Each row's Status column tells you what stage the instance reached:

- `Online`: the VM joined the cluster.
- `Installed (offline)`: the install script succeeded but the agent isn't currently connected. Either the agent installed but never joined the cluster (bad join token, misconfiguration, or network), or it joined and later went offline.
- `Failed (exit code=N)`: the install script ran and exited non-zero. The Details column shows the script output.
- `Failed (API error)`: the install command never executed because the Azure run command API rejected it, typically a missing `runCommands/write` permission or a VM without the agent installed.

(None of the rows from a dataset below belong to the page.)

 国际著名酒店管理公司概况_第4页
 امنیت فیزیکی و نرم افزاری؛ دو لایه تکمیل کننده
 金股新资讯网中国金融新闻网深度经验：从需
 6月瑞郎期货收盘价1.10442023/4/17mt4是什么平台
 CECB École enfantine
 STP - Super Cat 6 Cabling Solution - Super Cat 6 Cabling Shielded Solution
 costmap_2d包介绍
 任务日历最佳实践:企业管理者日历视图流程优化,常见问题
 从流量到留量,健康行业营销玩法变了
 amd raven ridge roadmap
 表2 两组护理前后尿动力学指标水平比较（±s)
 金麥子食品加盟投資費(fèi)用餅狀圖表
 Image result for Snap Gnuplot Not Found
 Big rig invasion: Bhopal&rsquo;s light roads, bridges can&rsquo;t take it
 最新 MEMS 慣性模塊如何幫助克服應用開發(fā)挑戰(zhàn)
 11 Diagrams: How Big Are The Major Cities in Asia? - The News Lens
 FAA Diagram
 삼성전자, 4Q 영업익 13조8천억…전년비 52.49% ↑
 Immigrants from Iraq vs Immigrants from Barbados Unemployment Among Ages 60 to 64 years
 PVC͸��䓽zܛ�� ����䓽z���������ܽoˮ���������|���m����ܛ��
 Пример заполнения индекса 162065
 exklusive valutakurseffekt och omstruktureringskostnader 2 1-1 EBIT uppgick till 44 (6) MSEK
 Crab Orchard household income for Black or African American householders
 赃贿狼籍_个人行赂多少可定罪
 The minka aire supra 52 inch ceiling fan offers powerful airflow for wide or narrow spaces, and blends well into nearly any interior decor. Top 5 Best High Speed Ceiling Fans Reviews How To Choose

Use `--last` to widen the audit-event lookback window past the default one hour (e.g. `--last=24h`) when investigating older failures or retries.

Use `--format=json` for machine-readable output that includes the full script output, the originating user task ID, and Azure-specific instance metadata.

See [`tctl discovery nodes`](https://goteleport.com/docs/ver/19.x/reference/cli/tctl.md#tctl-discovery-nodes) for the full flag reference.

### Teleport reports no error but VM does not join

Check your Discovery Service config and make sure that the VM you want to discover matches. In debug mode, Teleport will log the Subscription IDs and names of VMs it discovers.

The Azure run command API does not report the output of commands, so Teleport has no way of knowing if a command succeeded or failed. Run command logs can be found on the targeted VM at `/var/log/azure/run-command-handler/handler.log`.